Published online Nov 7, 2020. doi: 10.3748/wjg.v26.i41.6378
Peer-review started: June 18, 2020
First decision: August 22, 2020
Revised: September 7, 2020
Accepted: September 29, 2020
Article in press: September 29, 2020
Published online: November 7, 2020
The expression of macrophage inhibitory factor-1 (MIC-1) is increased in peripheral blood of patients with chronic hepatitis and liver cirrhosis. However, whether MIC-1 gene polymorphism is correlated with relevant diseases is not yet reported.
To explore the correlation between gene polymorphism in MIC-1 exon region and chronic hepatitis C virus (HCV) infection.

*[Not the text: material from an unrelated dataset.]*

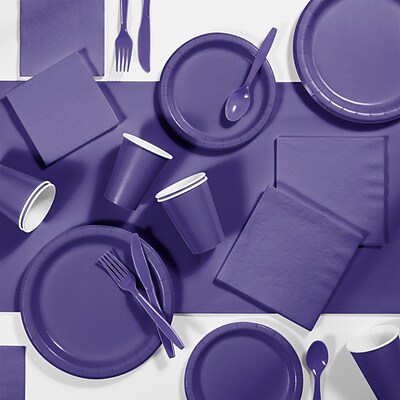 Creative Converting Touch of Color Tableware Party Kits, Purple 245, Piece (DTC3268X2A)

This case-control study enrolled 178 patients with chronic hepatitis C (CHC) in the case group, and 82 healthy subjects from the same region who had passed the screening examination comprised the control group. The genotypes of rs1059369 and rs1059519 loci in the MIC-1 gene exon were detected by DNA sequencing. Also, the MIC-1 level, liver function metrics, liver fibrosis metrics, and HCV RNA load were determined. Univariate analysis was used to compare the differences and correlations between the two groups with respect to these parameters. Multivariate logistic regression was used to analyze the independent relevant factors of CHC.
The plasma MIC-1 level in the CHC group was higher than that in the control group (P < 0.05), and it was significantly positively correlated with alanine aminotransferase, aspartate aminotransferase (AST), type III procollagen N-terminal peptide (known as PIIINP), type IV collagen, and HCV RNA (P < 0.05), whereas negatively correlated with total protein and albumin (P < 0.05). The genotype and allele frequency distribution at the rs1059519 locus differed between the two groups (P < 0.05). The allele frequency maintained significant difference after Bonferroni correction (Pc < 0.05). Logistic multiple regression showed that AST, PIIINP, MIC-1, and genotype GG at the rs1059519 locus were independent relevant factors of CHC (P < 0.05). Linkage disequilibrium (LD) was found between rs1059369 and rs1059519 loci, and significant difference was detected in the distribution of haplotype A-C between the CHC and control groups (P < 0.05). Meanwhile, we found the MIC-1 level trend to increase among rs1059519 genotypes (P = 0.006) and the level of MIC-1 in GG genotype to be significantly higher than CC genotype (P = 0.009, after Bonferroni correction).
Plasma MIC-1 level was increased in CHC patients and correlated with liver cell damage, liver fibrosis metrics, and viral load. The polymorphism at the MIC-1 gene rs1059519 locus was correlated with HCV infection, and associated with the plasma MIC-1 level. G allele and GG genotype may be an important susceptible factor for CHC.
Core Tip: In this study, the relationship between the polymorphisms in the exon region of macrophage inhibitory factor-1 (MIC-1), plasma MIC-1 level and chronic hepatitis C virus (commonly known as HCV) infection were preliminarily investigated. We found that the genotype at rs1059519 could influence the plasma MIC-1 level and both were correlated with chronic hepatitis C (CHC), and the G allele at rs1059519 was an independent risk factor for CHC. Therefore, the baseline MIC-1 level of plasma and rs1059519 polymorphisms can be used as a predictive marker for HCV infection.